M. Legault a commenté la publication d’un reportage du quotidien Le Soleil révélant que Charles-Olivier Gosselin, nommé le 3 mai à un poste de juge à la Cour du Québec, est un ami personnel du ministre. « Je ne le savais pas, je l’ai su dans le journal ce matin », a-t-il dit en marge d’une visite dans une installation de culture de tulipes.
Le premier ministre a affirmé qu’aucune règle n’empêche un ministre de proposer la candidature d’un ami.

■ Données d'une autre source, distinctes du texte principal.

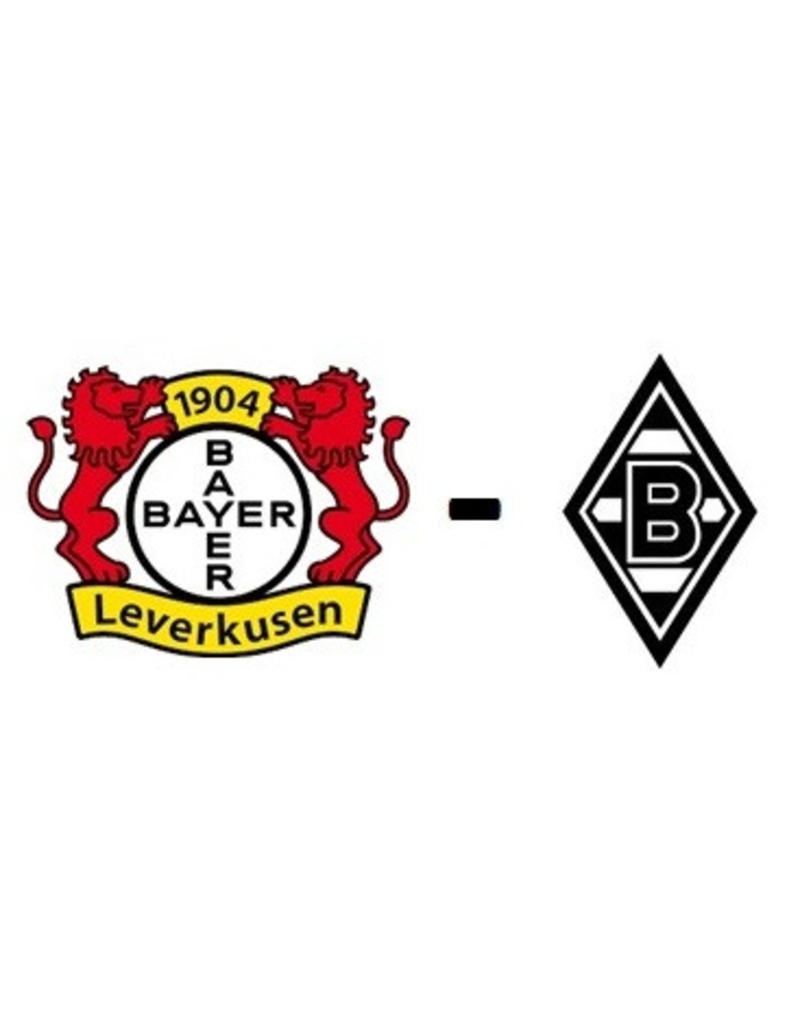 Bayer Leverkusen - Borussia Monchengladbach 20. Mai 2023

Il a d’ailleurs affirmé qu’il ne s’informe pas de liens personnels dans les nominations soumises par ses ministres. « Il y a beaucoup de nominations qui sont adoptées par le Conseil des ministres et la seule question que je pose, c’est si les règles ont été suivies », a précisé M. Legault, en disant également ignorer si M. Jolin-Barrette a nommé d’autres amis à la magistrature.

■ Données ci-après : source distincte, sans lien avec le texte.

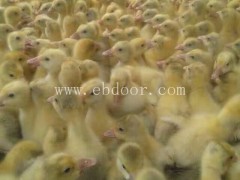 大鹅苗价格-鹅苗-昌图常杰鹅雏孵化厂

Le premier ministre s’est porté à la défense du processus en vigueur pour écarter toute apparence de conflit d’intérêts. « Comment peut-on parler d’un conflit d’intérêts à partir du moment où les personnes sont choisies par un comité indépendant ? »
M. Legault a fait valoir qu’un comité indépendant fait une, deux ou trois propositions au ministre de la Justice, qui décide ensuite quel nom sera soumis au Conseil des ministres, étape finale du processus de nomination à la magistrature.
La saga des Post-it
Le premier ministre a fait référence aux changements apportés à la suite de la commission Bastarache, mandatée en 2010 en raison d’une controverse sur les liens entre le Parti libéral du Québec et la nomination de magistrats par le gouvernement Charest. « Avant, on sait comment ça marchait, il y avait un Post-it et on disait “cette personne est sympathisante de tel parti, on devrait la nommer”. Ça ne marche plus de même. Il y a un comité indépendant qui fait le tri, qui rencontre les différents candidats et un maximum de trois noms est soumis. »

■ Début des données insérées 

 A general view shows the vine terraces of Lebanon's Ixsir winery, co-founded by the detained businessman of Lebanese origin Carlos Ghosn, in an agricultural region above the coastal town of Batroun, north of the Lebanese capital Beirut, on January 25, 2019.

M. Legault a défendu la compétence du nouveau magistrat, qui a étudié le droit avec M. Jolin-Barrette. « On ne peut pas dire que parce que cette personne est connue du ministre […] elle ne doit pas être nommée », a-t-il expliqué.
Selon le premier ministre, les règles en vigueur actuellement sont suffisantes pour préserver les nominations des juges de toute apparence de conflit d’intérêts. « Je pense que les règles sont suffisantes depuis la commission Bastarache. »
Le juge Gosselin, nommé à la Chambre criminelle de la Cour du Québec, et M. Jolin-Barrette se connaissent depuis l’université et se fréquentent encore une ou deux fois par année, a rapporté Le Soleil. M. Jolin-Barrette a d’ailleurs célébré le mariage de son ami en 2015.
Une nomination aussi importante ne doit pas soulever de malaises ANDRÉ MORIN
Le député libéral André Morin, porteparole en matière de justice, a déclaré que le ministre a une obligation morale de ne soulever aucun doute quant aux nominations qu’il soumet au Conseil des ministres. « Une nomination aussi importante ne doit pas soulever de malaises », a-t-il dit, sans toutefois remettre en question les compétences du candidat ou l’impartialité de la Cour du Québec.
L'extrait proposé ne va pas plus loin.